The results showed that the incidence of shigellosis decreased from 2005 to 2017, and could be divided into four stages. The decreased trend revealed that the incidence of the disease might decrease in the following years. Totally, 22 sub-seasons of four epidemic seasons (2005–2006 season, 2010–2011 season, 2013–2014 season, and 2016–2017 season) were selected for the simulating and assessing the effectiveness of DIP and case isolation. The results showed that the prevalence of the disease decreased sharply with DIP form 3 days (γ = 0.3333) to 13.5 days (γ = 0.0741) in the 22 sub-seasons. The results of the modelling also showed that the prevalence of the disease decreased sharply with the proportion of case isolation from 0% (x = 0.1) to 100% (x = 1) in the 22 sub-seasons. If we aimed to reach the PR levels of 50, 25% (range: 10–40%) of cases should be isolated. If we aimed to reach the PR levels of 90, 75% (range: 40–100%) of cases should be isolated. Therefore, case isolation and DIP interventions has high feasibility and effectiveness, and we strongly recommended to control the transmission of shigellosis.

The actual isolation ratio x is affected by several aspects [34, 35]: 1) the sensitivity of the surveillance system which could monitor the cases in time when the symptoms onset; 2) After diagnosed, according to the severity of the disease, mild patients were generally recommended to be isolated at home, resulting in fewer patients undergoing effective isolation in the hospital.

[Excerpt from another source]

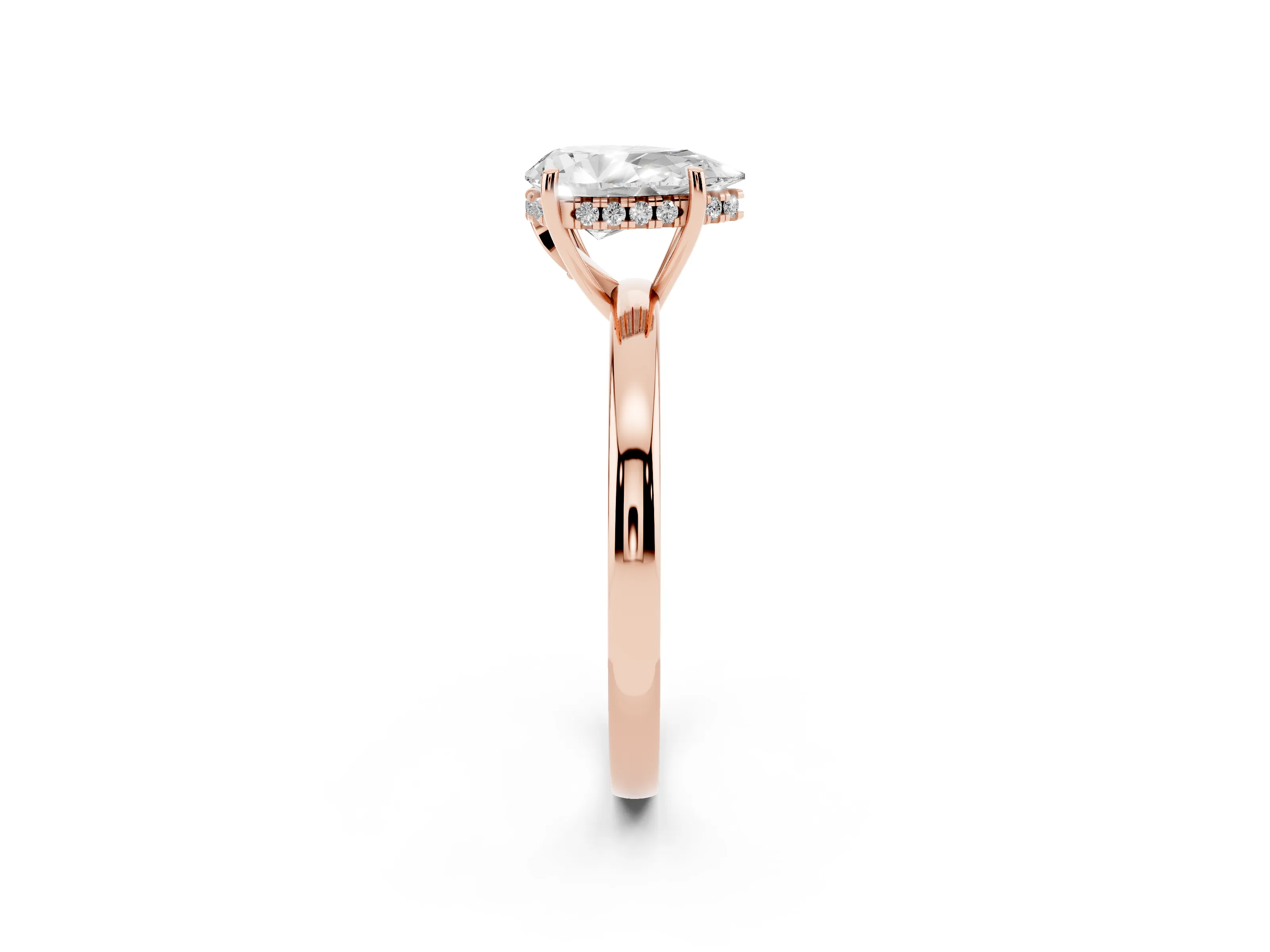 Pear Cut Diamond Solitaire Ring Set in Rose gold with Plain Band and Prong Setting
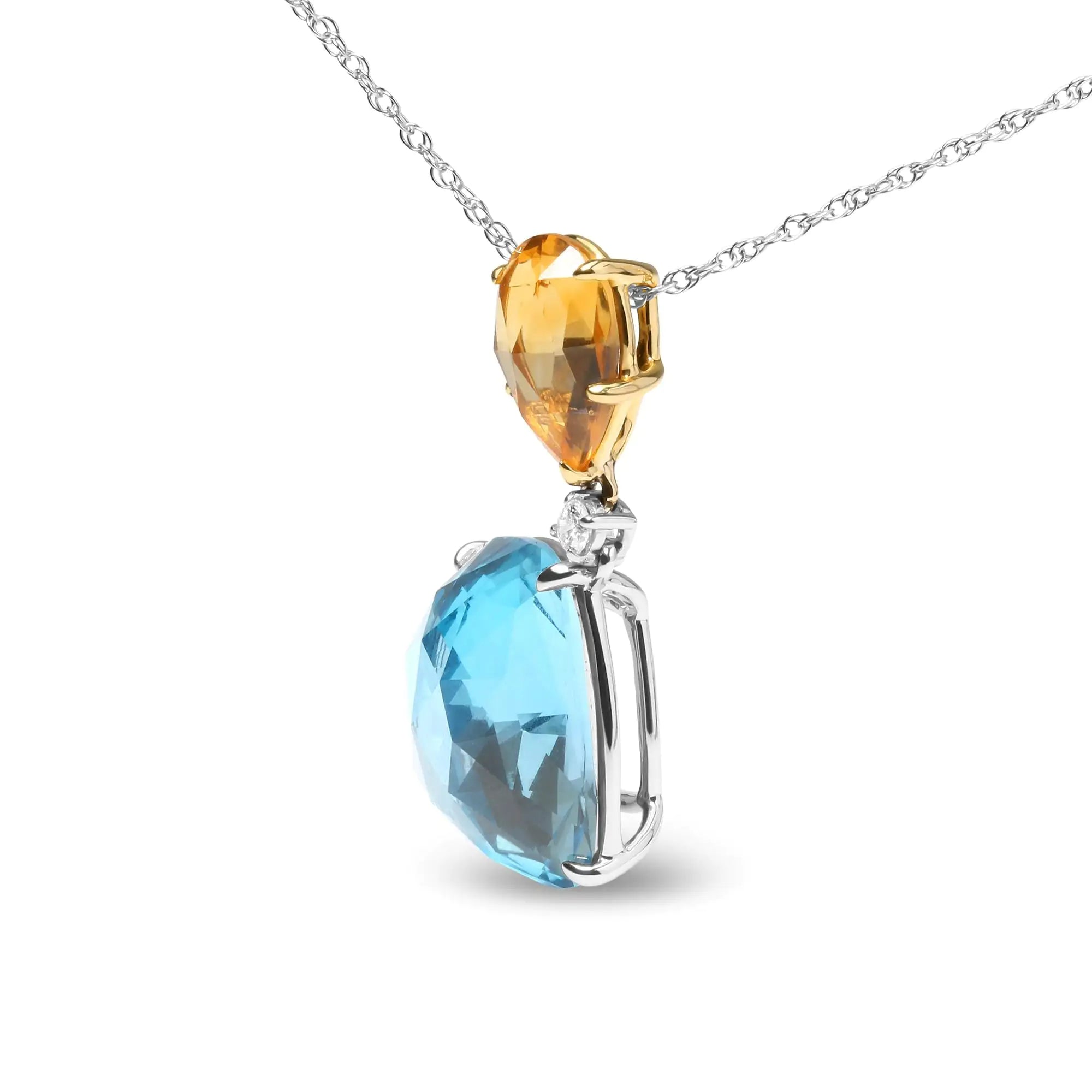 18K White and Yellow Gold Diamond Accent and Yellow Citrine and Sky Blue Topaz Gemstone Dangle Drop 18" Pendant Necklace (G-H Color, SI1-SI2 Clarity)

In our previous research, an outbreak investigation was conducted in a school [14], but it was not investigated in the whole population, this study can provide relevant recommendations for the prevention and control of shigellosis in the whole population. Compared with some previous studies, although there are many epidemiological reports, but there are few reports on the ability to quantify the spread of shigellosis. Our research quantitatively evaluates the spread of shigellosis through mathematical modeling, and the effectiveness of interventions, thus providing a basis for relevant departments to make more appropriate prevention and control decisions.

Limitations

Our modeling on simulating countermeasures was based on the whole population. However, we did not consider the age-, sex- or area-specific situations. Another limitation is that we did not divide the interval between symptom onset and notification from IP.

Conclusions

Year heterogeneity of reported shigellosis incidence exists in Hubei Province, China. DIP and case isolation interventions have high effectiveness to control the transmission of shigellosis.